Caspar Weinberger was Ronald Reagan’s Secretary of Defense until 1987, and he was indicted for his role in the scandalous arms-for-hostages exchange that became known as the Iran-Contra Affair. The prosecutor’s indictment of Weinberger in the Iran-Contra case included mention of a diary entry by Weingberger that purportedly established George Bush had both been aware that the missile sales to Iran were part of an arms-for-hostages deal and lied to the American public about his awareness repeatedly.

https://www.youtube.com/watch?v=A3UKBX12Q6k

The post-Election Day pardon helped cut the legs out from under the prosecutor’s investigation and the United States was left with two critical wounds as a result.

First, a sitting President had used the pardon power to escape the reach of investigators, abusing his power and pummeling rule of law. Second, the United States countermanded its own long-term policy interests by compromising the integrity of an agreed upon arms embargo with Iran, and by establishing a precedent that the nation will under certain circumstances negotiate, do business with and even help arm adversarial entities who take American hostages.

Do incidents like the Iran-Contra pardons make our nation safer in the long-term, at home or abroad? Does such conduct aid our justice system’s pursuit of the truth and accountability regarding our power brokers? Is this behavior we would like to see repeated in the future, encouraged by kind, enveloping public remembrances of “tremendous good”? It seems we who tend to live in the crosshairs of the nations moral failures might need to encourage our compatriots pump the brakes and stop rewarding things we should rebuke.

Epilogue

The above 5 points are not all I protest about George H.W. Bush’s resume. Far more egregious policies have been put in place that hurt the black community during his Vice Presidency and Presidency. 
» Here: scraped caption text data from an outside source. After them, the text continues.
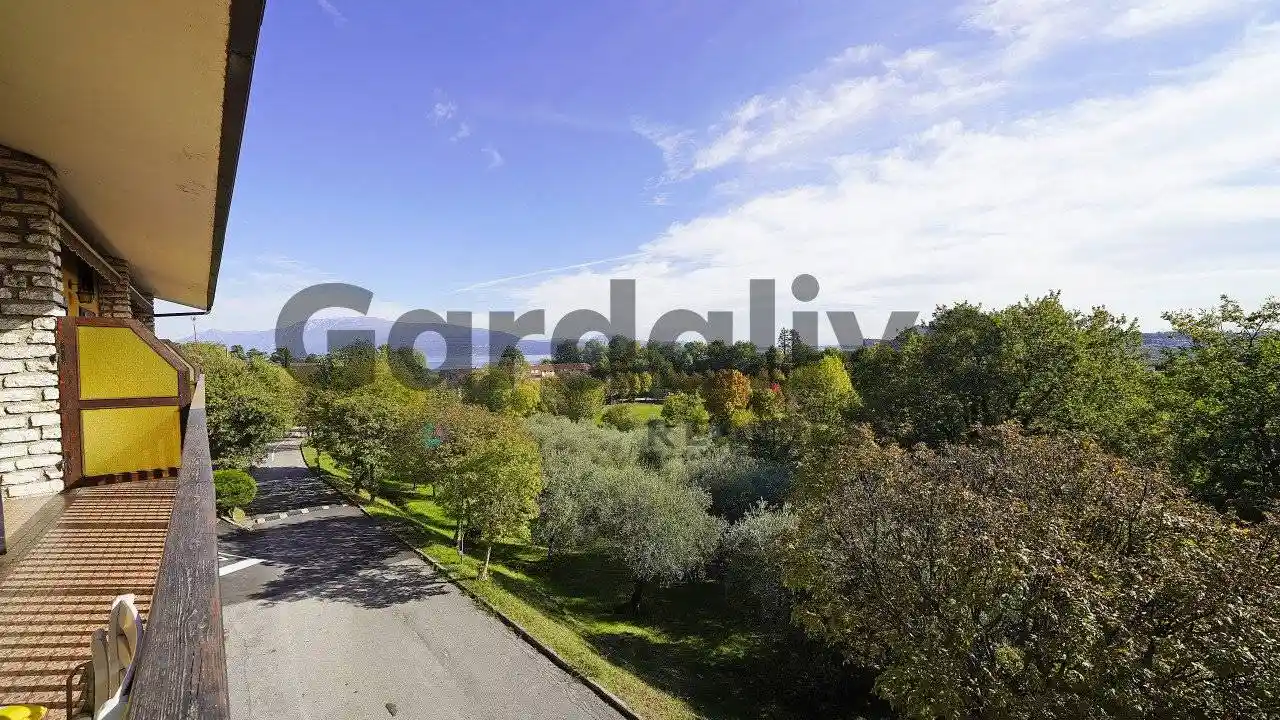 Appartamento viale Catullo, Solarolo, Manerba del Garda - foto 4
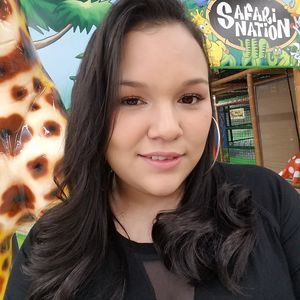 Meet your Posher, Mary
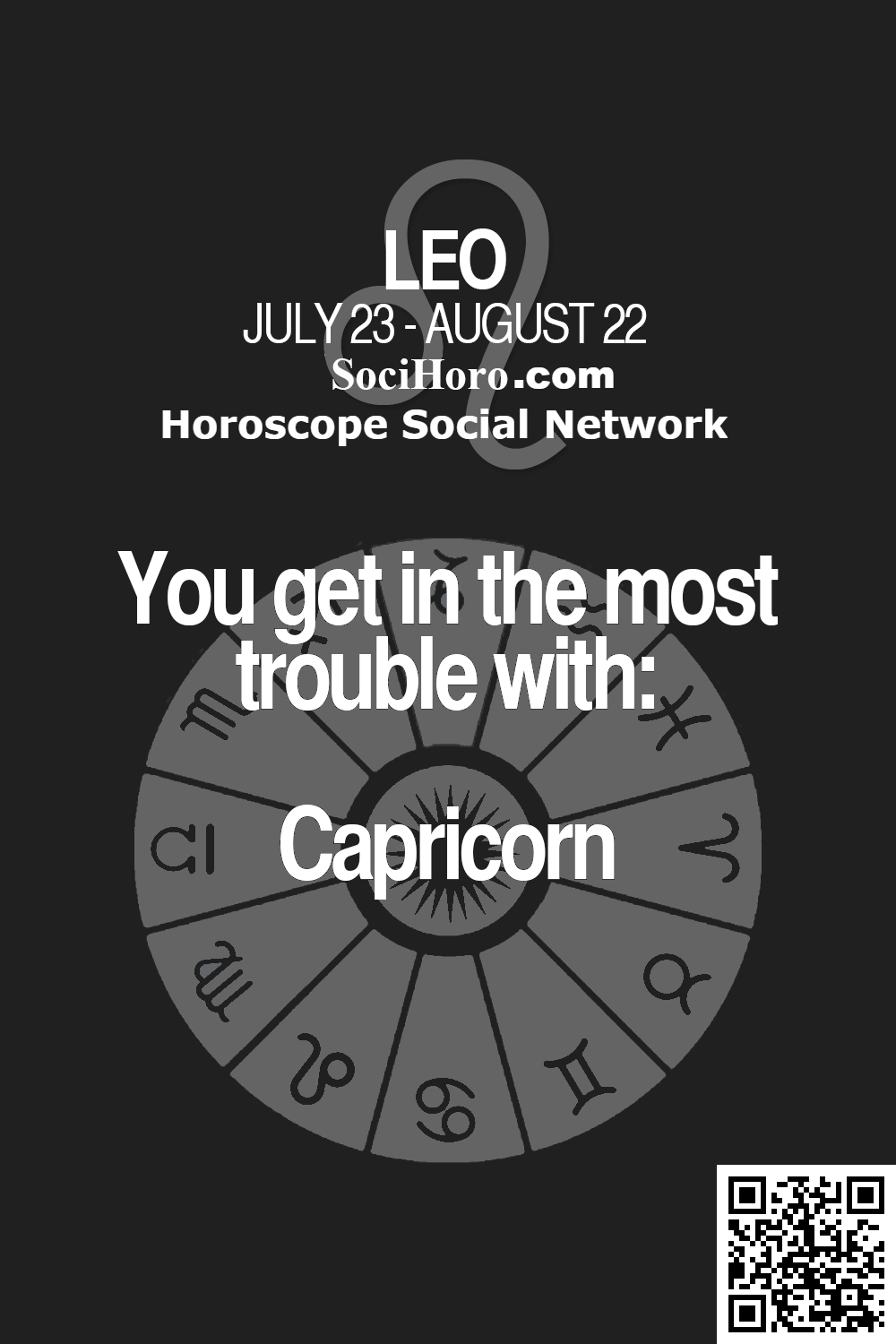 leo quotes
From one human being to another human being, I can happily acknowledge that George H.W. Bush was an individual of inherent worth and mettle, a brave military officer, a loving husband, a committed father, and all-around giving family man. I can acknowledge that his passing signifies a special loss for our nation, as his type of political moderation, compromise and aspirational person-to-person decency has come to increasingly seem a quaint relic of a bygone era. I can even acknowledge that, were I myself to encounter the man personally, it is extremely likely I would come to personally love and respect him as a human being and friend as so many others who’ve known him have.

But I must respectfully protest aspects of this moment of national mourning and challenge us to be a little more judicious and specific in how we celebrate people whose defining role in public life was defining the role United States is to play, within itself and around the world. If we see problems and don’t want more of the same in the future, we owe it to ourselves, our current compatriots, and our posterity to speak up, disrupt the narrative, and as John Lewis would say “get in trouble, good trouble”.

I realize my remarks today will not register as palatable for everyone. That’s fine. We cannot always be palatable with each other if we are going to be the best nation we can be. We are going to agree on a good number of things. And we are going to disagree strongly on a great number of things.

Again, that’s fine. Not only is disagreement fine, it’s actually our job as citizens. Regardless of whether you and I agree or disagree today, I encourage all of you dear readers to keep talking, keep listening. and most importantly, keep thinking. We as citizens don’t just review history when we discuss, remember and celebrate our Presidents. We write it.